Enos Bromage

Personal information
- Date of birth: 30 April 1864
- Place of birth: Mickleover, England
- Date of death: 25 March 1947 (aged 82)
- Place of death: Derby, England
- Position: Goalkeeper

Senior career*
- Years: Team / Apps / (Gls)
- 1887: Derby Junction
- 1888–1890: Derby County / 17 / (0)
- 1890: Derby Junction

= Enos Bromage (footballer, born 1864) =

English footballer

Enos Bromage (30 April 1864 – 25 March 1947) was an English footballer who played as a goalkeeper in The Football League for Derby County.

Enos Bromage was recruited by Derby County from local club, Derby Junction, sometime in 1888 just before the start of the inaugural Football League season.

On 30 January 1886 in a match on a slippery snow covered pitch against Eckington Works F.C., Bromage collided with an Eckington forward when catching the ball.
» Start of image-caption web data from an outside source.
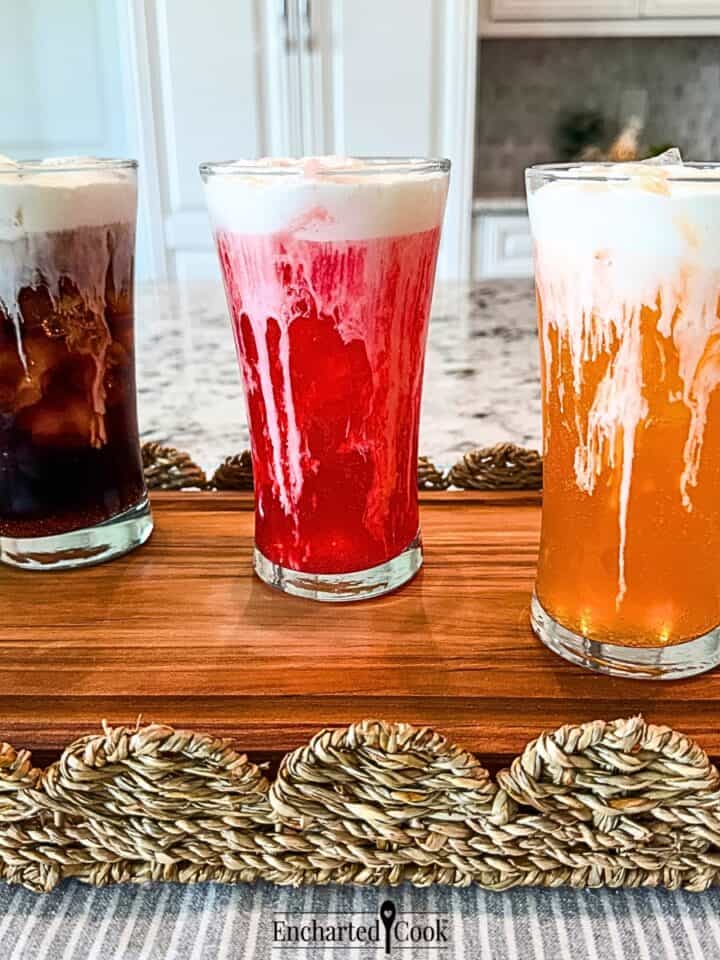 Three iced sodas, cola, fruit punch, and orange, in tall glasses are topped with Vanilla Sweet Cream Cold Foam.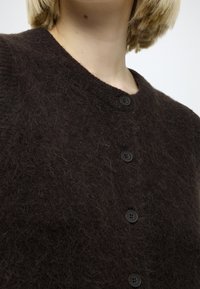 Tmavohnedý sveter na zapínanie na gombíky, vyrobený z huňatej látky, s okrúhlym výstrihom a piatimi čiernymi gombíkmi po celej prednej strane. Mäkká textúra, minimalistický dizajn.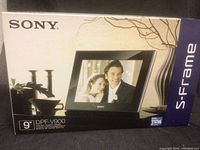 Box front showing Sony 9" DPF-V900 S-Frame digital photo frame with couple image on display.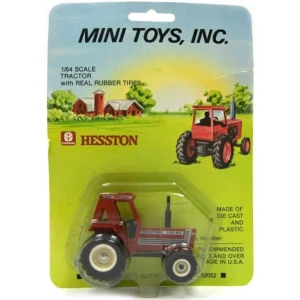 Manufacturer_ERTL Tractors<1/64 Hesston 130-90 Cab with MFD & Real Rubber Tires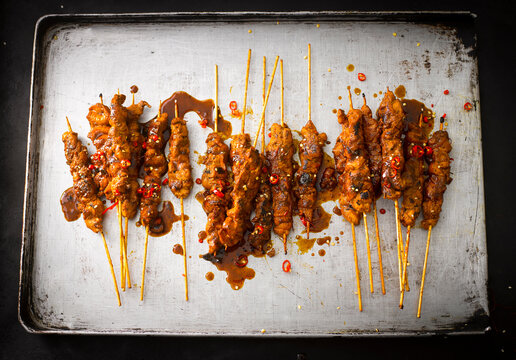 Chicken satay skewers with chili peanut sauce on baking tray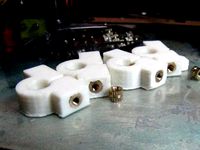 Printrbot y-bar ends with flower nuts. by eddiema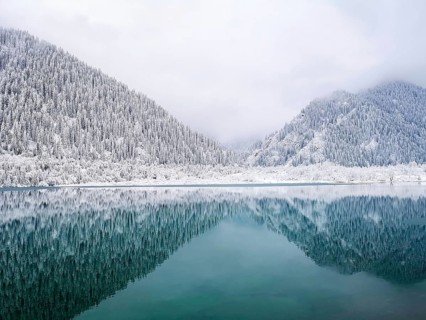 Mountains covered with trees and snow are symmetrically reflected in the turquoise water of the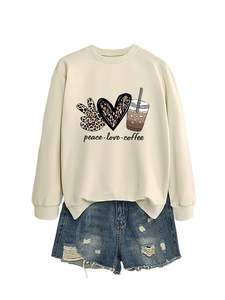 Flat lay of cream long sleeve sweatshirt with peace love coffee print and denim shorts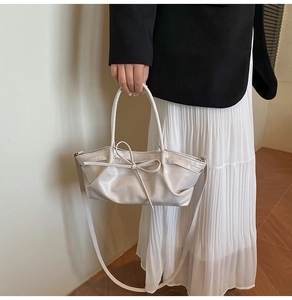 Detail of beige pleated leather tote bag featuring a decorative bow and versatile straps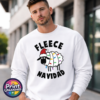 Cartoon sheep wearing a Santa hat and wrapped in colourful Christmas lights between Fleece Navidad wording, printed on a white unisex sweatshirt male model - Print Unleashed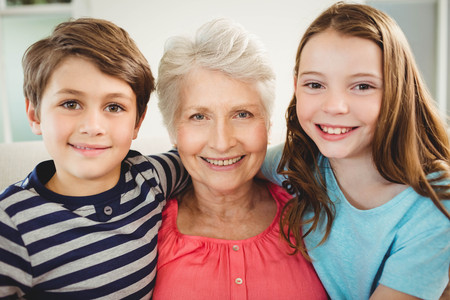 Portrait of grandmother and grandchildren sitting together on sofa in living room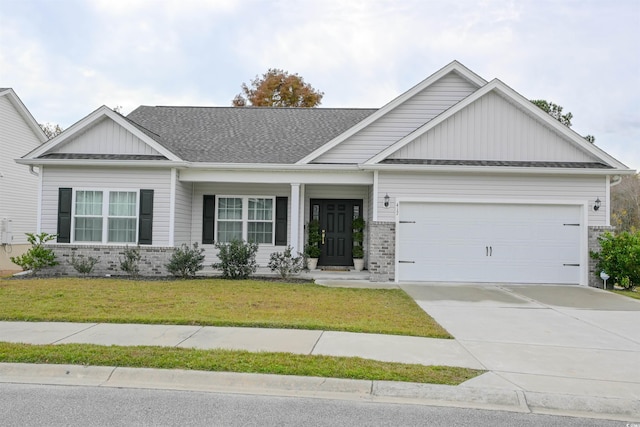 view of front of property with a front yard and a garage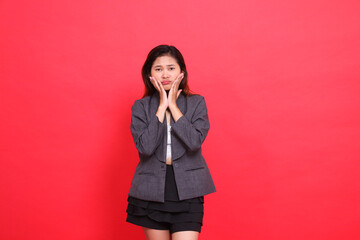 gesture of an Asian office woman pouting with both hands holding her cheeks wearing a gray jacket...
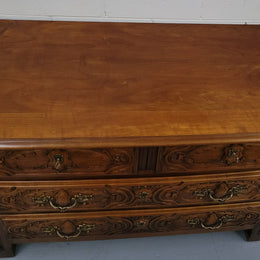 French Cherrywood Louis XIV style wooden topped chest of four drawers. It has been sourced from France and is in good original detailed condition.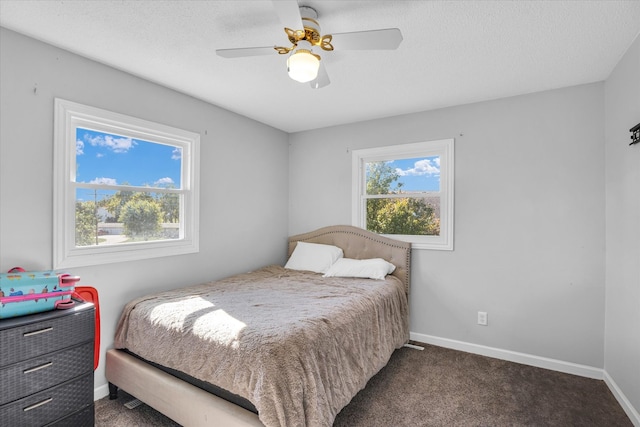 carpeted bedroom featuring ceiling fan and a textured ceiling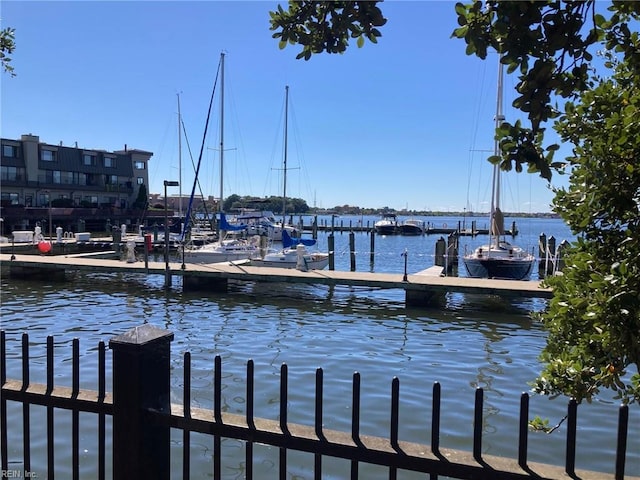 dock area featuring a water view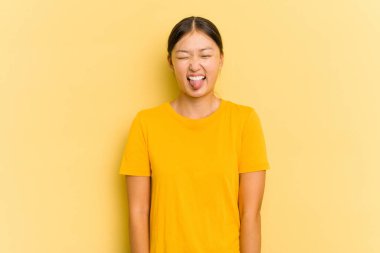 Sarı arka planda izole edilmiş genç Asyalı bir kadın. Komik ve dost canlısı bir dil uzatıyor..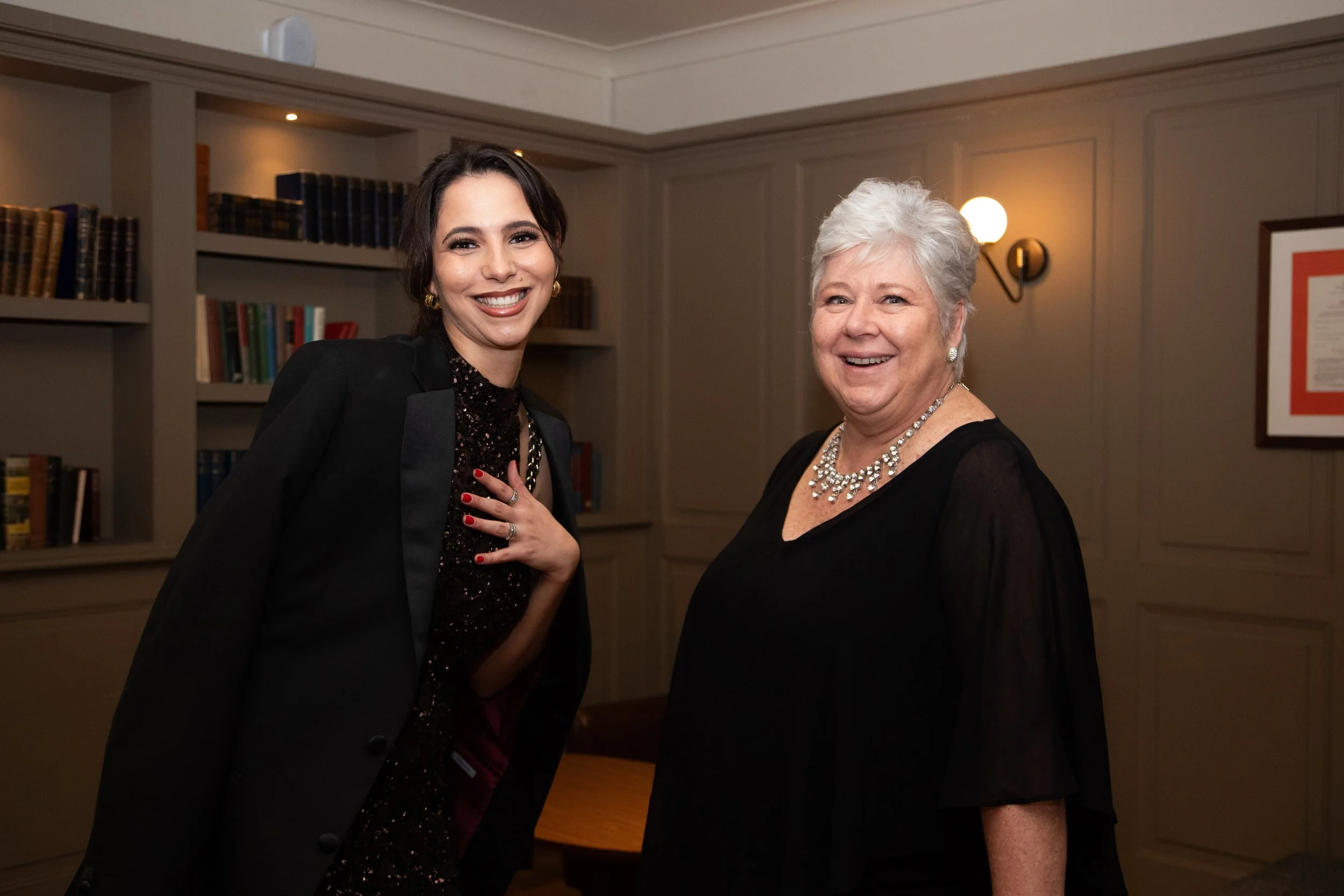 Two women smiling indoors, one with dark hair and dressed in black, the other with gray hair and wearing a black dress with pearl jewelry, standing in front of bookshelves and wall decor.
He caught the player in the stomach with his knee injuring the player who played on seeming unaffected but died the following day.
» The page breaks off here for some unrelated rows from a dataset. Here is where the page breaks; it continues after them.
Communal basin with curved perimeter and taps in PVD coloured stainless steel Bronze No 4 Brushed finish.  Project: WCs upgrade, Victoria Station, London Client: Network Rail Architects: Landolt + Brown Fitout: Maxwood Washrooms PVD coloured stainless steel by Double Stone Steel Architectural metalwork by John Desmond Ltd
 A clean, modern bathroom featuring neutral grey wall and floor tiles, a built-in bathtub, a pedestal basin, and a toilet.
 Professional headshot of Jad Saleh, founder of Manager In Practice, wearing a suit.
Apart from one match the regular Derby County goalkeeper in 1888–1889 had been Joseph Marshall. On 2 February 1889 Derby County played their FA Cup 1st Round tie at County Ground, Derby against Derby Junction. The records do not show if Marshall was unfit or had been dropped. Either way Marshall never played top-flight football again and Reuben Pitman was selected as goalkeeper for both FA Cup ties. When League football restarted on 2 March 1889 Reuben Pitman was retained as first-team goalkeeper.
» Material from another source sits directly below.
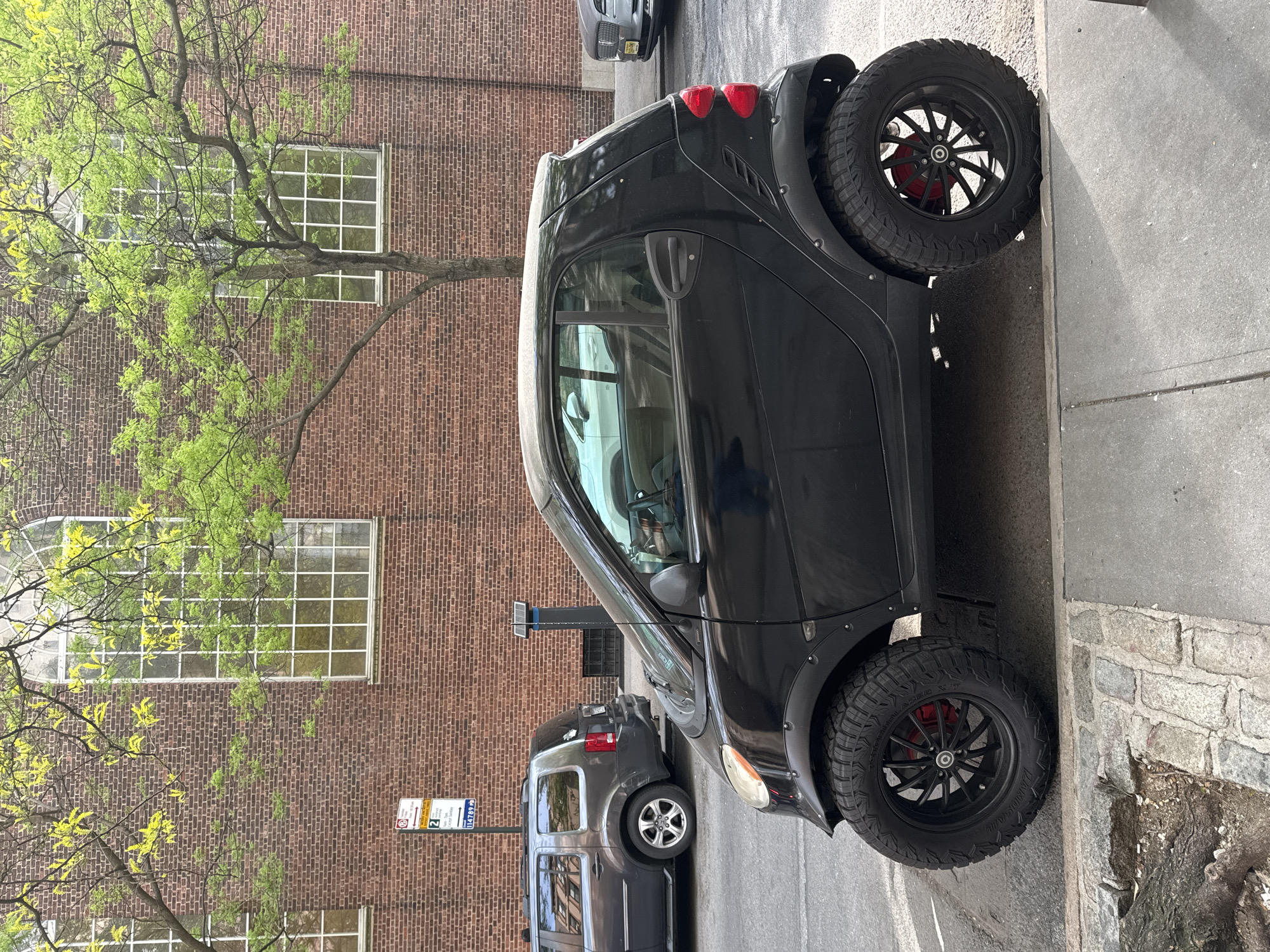 The media file displays a black, heavily modified Smart Fortwo car parked on a city street. The car is equipped with large, aggressive off-road tires on black multi-spoke rims, featuring red brake calipers and extended fender flares. A grey SUV, possibly a Honda Element, is parked directly behind the Smart car, with another grey vehicle partially visible further down the street.
The background consists of a multi-story brick building with several large windows, some exhibiting a grid pattern. A tree with vibrant green, freshly sprouted leaves partially frames the building in the foreground. The scene is illuminated by natural daylight, suggesting it is daytime with clear or partly cloudy weather.
The setting is an urban environment, likely in New York City, characterized by asphalt paving, a stone sidewalk, and street infrastructure. A metal pole on the sidewalk holds multiple white and blue street signs. Visible text on these signs includes "NO STANDING 8AM-7PM MON-FRI", "2 HOUR PARKING 8AM-7PM MON-FRI", and a code "114769 M". A red "P" with a line through it also indicates parking restrictions. The word "LANDSAIL" is discernible on the sidewall of the Smart car's tires. The image itself is presented in a portrait orientation, appearing rotated clockwise from a standard landscape view.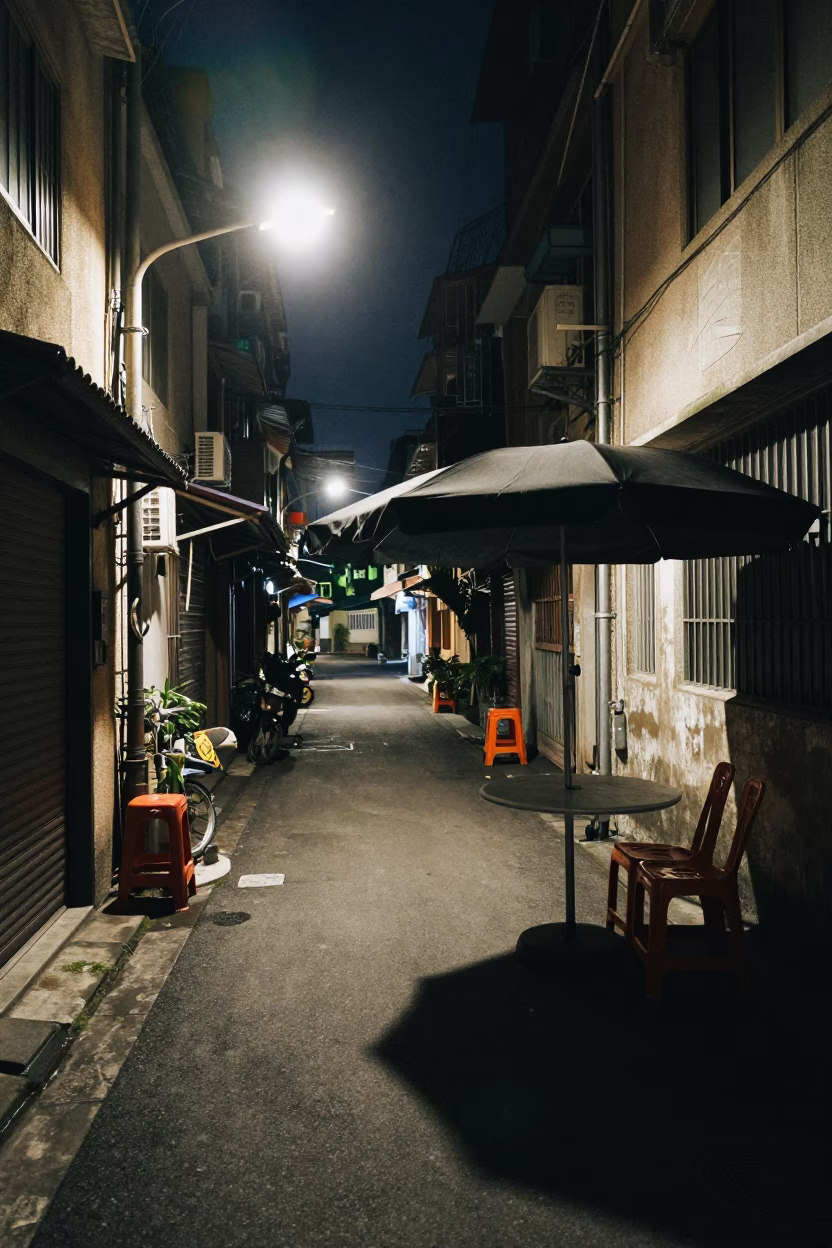 Late Night Kaohsiung Street Scene with Umbrella Stand and Insulation Materials in in Kaohsiung, Taiwan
Despite playing three times and helping Derby County to three successive League wins Reuben Pitman was either injured or, out of favour, and Enos Bromage replaced him on 6 April 1889. The venue was Victoria Ground, Stoke, then home of Stoke. Both teams were facing re-election and the match was a tight, nervy affair. Derby County and Bromage got off to a great start and within one minute of kicking off Lol Plackett had put Derby County ahead, 1–0. Derby were not playing well and never looked like scoring another in the first half and so led 1–0 at half-time. In the second-half the Derby attack were more lively but missed their chances so the Derby team were grateful to Enos Bromage who made some "fine saves" to keep Derby County in the lead. However, right at the end, Stoke winger, Jimmy Sayer scored an equaliser. The goal was disputed as Derby players felt the ball went in after the referee blew for time but the referee did not agree.

Bromage played two League matches for Derby County in 1888–1889. Derby County finished 10th in the Football League conceding 61 goals, the third worst defence of that inaugural season.

Enos Bromage was retained for the 1889–1890 season and became the main goalkeeper for Derby County. He returned to Derby Junction F.C. in 1890.